EXERCISE PROMPT
In how many lines of the listing does the word "Yoga" appear? Reply with the number only.

── INFORMATION SHOWN ──

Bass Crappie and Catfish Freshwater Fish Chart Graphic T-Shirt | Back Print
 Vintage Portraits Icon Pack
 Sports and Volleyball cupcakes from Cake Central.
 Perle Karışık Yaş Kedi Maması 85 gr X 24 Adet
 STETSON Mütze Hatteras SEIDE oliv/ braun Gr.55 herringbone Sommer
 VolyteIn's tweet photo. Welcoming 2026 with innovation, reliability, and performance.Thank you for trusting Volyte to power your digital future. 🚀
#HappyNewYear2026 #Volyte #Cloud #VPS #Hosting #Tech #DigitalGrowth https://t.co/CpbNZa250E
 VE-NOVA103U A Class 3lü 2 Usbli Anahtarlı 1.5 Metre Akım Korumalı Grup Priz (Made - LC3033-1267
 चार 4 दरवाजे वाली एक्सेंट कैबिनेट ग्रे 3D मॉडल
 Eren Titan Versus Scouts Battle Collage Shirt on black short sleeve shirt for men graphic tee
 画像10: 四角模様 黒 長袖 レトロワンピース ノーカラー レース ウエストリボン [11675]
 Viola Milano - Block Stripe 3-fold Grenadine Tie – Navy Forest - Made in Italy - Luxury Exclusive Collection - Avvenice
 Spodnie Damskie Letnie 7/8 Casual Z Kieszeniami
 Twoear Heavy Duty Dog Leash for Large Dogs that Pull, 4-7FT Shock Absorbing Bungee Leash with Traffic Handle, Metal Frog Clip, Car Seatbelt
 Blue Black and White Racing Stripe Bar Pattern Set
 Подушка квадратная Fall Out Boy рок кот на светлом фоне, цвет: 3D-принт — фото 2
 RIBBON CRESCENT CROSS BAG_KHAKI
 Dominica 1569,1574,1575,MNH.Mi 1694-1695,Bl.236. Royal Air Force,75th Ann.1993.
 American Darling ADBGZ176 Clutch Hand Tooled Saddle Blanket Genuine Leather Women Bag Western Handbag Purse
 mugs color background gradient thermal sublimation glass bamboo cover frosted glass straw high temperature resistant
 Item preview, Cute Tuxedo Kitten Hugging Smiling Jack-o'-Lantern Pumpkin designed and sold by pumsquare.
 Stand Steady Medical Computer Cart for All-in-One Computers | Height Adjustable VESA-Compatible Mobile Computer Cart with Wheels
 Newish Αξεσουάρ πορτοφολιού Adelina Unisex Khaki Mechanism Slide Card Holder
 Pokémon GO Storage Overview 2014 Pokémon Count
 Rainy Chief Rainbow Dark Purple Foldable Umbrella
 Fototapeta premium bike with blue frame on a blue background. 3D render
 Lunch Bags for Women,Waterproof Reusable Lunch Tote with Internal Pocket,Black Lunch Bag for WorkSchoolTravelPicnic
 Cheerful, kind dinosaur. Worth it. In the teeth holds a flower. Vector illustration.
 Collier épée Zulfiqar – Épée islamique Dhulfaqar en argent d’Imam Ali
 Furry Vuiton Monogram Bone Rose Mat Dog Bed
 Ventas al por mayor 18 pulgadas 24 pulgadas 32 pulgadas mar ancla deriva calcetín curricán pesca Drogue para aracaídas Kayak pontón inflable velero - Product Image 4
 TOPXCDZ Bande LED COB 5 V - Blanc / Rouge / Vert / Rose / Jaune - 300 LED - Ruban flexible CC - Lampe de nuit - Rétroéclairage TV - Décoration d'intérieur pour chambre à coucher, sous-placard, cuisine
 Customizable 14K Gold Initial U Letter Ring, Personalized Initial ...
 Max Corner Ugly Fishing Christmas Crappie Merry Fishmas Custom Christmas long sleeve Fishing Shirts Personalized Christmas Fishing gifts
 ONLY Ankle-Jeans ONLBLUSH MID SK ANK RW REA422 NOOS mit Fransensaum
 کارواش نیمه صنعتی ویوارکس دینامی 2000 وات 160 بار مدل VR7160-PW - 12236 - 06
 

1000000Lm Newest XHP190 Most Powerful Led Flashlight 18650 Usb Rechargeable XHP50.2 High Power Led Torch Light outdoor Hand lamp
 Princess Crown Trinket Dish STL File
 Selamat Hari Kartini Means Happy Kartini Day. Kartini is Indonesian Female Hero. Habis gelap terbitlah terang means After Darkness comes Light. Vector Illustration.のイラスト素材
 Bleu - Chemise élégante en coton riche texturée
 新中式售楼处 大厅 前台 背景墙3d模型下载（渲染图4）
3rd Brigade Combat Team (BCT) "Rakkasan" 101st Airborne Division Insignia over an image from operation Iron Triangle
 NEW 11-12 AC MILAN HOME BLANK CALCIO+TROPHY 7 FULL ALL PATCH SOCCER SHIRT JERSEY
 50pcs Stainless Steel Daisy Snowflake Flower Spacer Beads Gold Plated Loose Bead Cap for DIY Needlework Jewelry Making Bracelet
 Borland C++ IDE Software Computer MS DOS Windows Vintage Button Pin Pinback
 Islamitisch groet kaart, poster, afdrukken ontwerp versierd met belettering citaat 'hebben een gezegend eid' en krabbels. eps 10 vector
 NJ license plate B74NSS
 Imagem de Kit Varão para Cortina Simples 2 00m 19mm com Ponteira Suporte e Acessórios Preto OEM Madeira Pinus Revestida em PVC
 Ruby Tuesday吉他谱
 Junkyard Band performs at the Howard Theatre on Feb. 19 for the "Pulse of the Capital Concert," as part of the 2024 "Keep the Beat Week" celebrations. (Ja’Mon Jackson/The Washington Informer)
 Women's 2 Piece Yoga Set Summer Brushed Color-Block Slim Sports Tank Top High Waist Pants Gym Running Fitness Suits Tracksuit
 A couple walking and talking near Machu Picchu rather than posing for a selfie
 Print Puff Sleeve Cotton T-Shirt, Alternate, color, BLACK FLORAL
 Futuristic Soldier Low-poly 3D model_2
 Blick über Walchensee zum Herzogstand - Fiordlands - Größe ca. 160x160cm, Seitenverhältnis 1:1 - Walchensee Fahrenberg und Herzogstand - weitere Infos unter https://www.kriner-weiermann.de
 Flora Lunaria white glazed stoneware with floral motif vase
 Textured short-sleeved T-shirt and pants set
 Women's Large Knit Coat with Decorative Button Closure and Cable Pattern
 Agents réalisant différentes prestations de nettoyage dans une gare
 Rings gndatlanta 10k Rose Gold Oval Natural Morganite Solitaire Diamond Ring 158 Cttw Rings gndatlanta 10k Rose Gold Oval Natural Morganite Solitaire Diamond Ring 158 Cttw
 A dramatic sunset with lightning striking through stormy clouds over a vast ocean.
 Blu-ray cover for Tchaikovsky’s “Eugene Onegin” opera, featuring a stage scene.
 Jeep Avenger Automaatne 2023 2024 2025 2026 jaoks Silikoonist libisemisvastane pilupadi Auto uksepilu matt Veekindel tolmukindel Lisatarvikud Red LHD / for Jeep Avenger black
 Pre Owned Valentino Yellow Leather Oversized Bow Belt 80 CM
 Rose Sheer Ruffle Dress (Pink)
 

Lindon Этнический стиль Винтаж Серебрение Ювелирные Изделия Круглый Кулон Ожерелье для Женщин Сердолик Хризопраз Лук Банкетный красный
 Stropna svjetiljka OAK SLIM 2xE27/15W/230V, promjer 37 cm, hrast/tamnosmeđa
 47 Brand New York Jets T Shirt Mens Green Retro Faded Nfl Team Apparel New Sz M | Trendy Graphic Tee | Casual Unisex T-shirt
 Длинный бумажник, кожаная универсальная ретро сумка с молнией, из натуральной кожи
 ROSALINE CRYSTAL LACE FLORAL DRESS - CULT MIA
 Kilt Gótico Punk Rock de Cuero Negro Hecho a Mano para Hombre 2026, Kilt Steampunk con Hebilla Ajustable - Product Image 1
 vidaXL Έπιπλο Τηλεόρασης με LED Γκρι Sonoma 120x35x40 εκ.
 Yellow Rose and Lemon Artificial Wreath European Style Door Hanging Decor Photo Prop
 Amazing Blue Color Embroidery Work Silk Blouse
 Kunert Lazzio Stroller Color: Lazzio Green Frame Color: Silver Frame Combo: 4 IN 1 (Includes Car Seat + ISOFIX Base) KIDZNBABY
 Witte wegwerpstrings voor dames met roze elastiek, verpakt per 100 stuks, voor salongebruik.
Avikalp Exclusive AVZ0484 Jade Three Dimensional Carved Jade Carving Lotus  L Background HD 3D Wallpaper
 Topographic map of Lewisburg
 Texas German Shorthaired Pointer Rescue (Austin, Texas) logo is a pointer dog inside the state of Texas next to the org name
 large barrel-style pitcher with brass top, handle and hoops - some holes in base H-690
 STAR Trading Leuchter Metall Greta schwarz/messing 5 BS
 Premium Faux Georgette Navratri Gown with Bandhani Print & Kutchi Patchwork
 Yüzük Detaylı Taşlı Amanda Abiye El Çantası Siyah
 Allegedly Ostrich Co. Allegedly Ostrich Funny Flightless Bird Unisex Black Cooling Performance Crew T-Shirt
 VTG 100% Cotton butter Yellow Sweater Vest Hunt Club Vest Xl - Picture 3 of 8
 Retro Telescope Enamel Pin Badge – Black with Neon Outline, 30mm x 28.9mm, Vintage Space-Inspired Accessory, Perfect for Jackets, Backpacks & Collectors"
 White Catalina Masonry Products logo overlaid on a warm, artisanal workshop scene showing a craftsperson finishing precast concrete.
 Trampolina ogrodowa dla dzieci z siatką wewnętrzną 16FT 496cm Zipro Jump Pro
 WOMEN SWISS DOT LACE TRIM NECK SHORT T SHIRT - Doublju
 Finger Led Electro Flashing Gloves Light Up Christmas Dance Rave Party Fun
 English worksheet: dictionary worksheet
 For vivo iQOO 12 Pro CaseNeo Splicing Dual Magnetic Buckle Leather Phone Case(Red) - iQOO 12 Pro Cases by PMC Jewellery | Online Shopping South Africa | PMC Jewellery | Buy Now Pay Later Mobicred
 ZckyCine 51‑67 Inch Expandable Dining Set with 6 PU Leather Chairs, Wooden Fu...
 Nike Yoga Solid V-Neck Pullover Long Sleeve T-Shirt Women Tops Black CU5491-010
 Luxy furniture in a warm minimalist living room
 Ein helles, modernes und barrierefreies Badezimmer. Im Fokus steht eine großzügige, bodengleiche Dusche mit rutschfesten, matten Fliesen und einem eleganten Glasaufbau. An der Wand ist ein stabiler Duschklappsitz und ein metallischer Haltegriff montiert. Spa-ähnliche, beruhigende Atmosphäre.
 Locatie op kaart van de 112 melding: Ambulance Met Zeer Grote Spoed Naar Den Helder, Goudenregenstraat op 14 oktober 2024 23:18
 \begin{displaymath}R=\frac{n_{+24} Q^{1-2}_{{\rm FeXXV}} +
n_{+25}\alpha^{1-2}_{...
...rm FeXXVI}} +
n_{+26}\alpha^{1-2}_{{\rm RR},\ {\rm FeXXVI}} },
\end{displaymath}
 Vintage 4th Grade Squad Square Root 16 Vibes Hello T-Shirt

───

TASK RESULT
2